[Opening Data section]

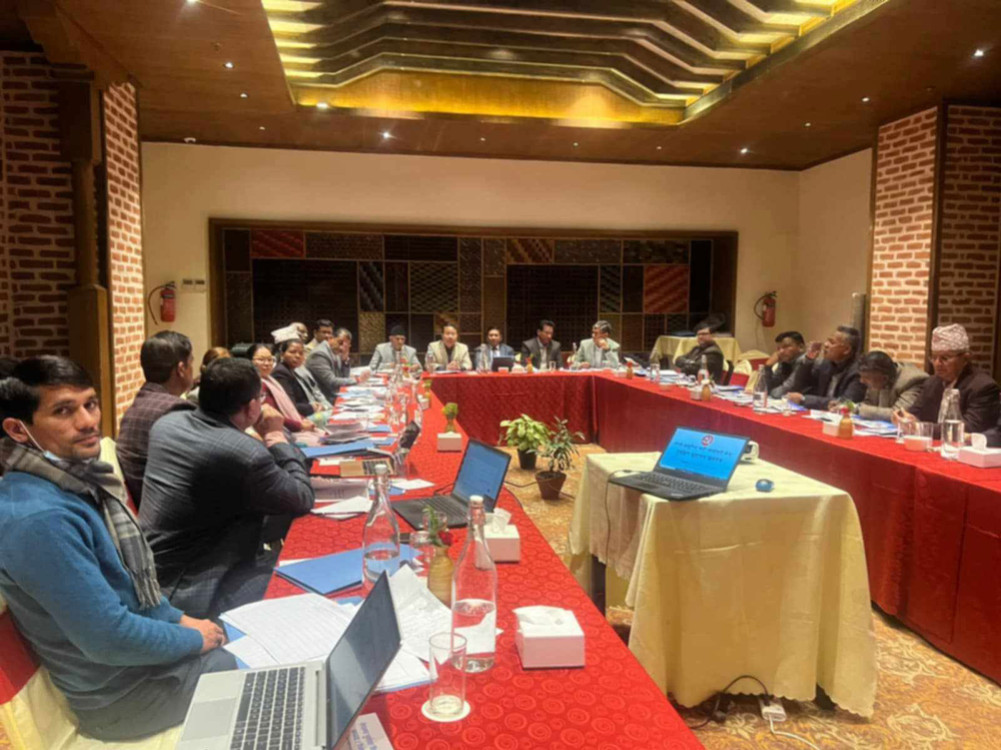 Discussion between parliamentarians and experts on projects of national pride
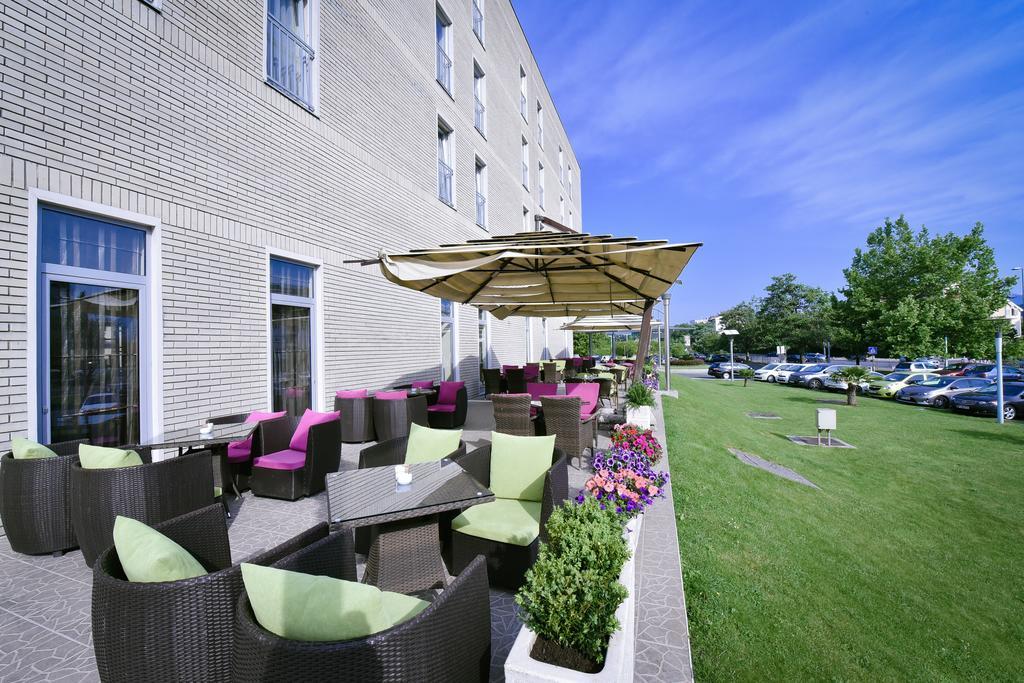 City Hotel بودغوريتْسا المظهر الخارجي الصورة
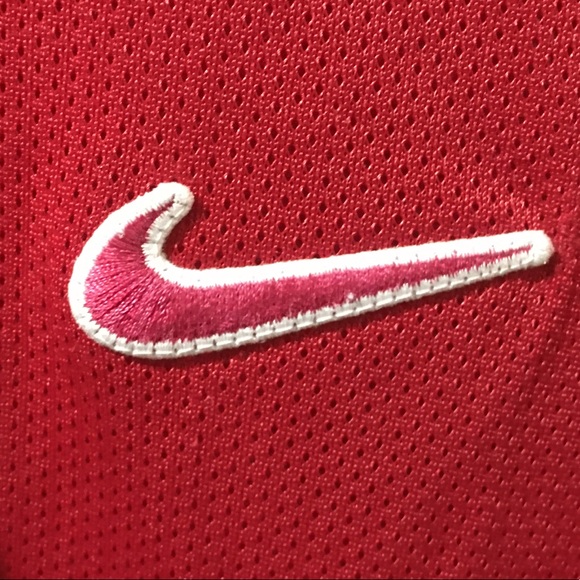 Nike shirt - Picture 2 of 6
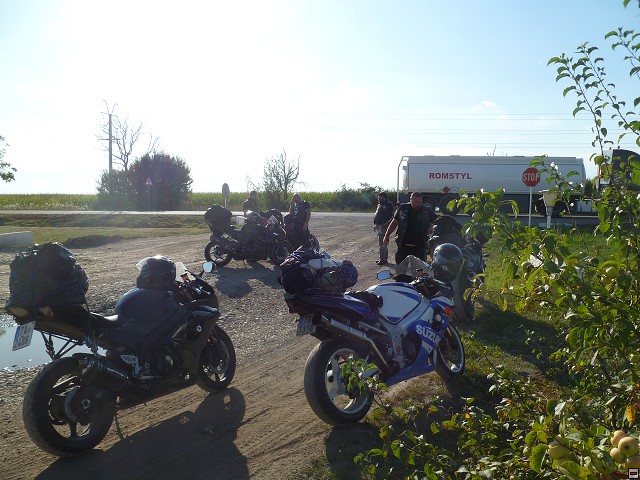 img00327.jpg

[Closing Data section]

From the first line to the last, please copy the data exactly, with the pictures left out.

 Discussion between parliamentarians and experts on projects of national pride
 City Hotel بودغوريتْسا المظهر الخارجي الصورة
 Nike shirt - Picture 2 of 6
 img00327.jpg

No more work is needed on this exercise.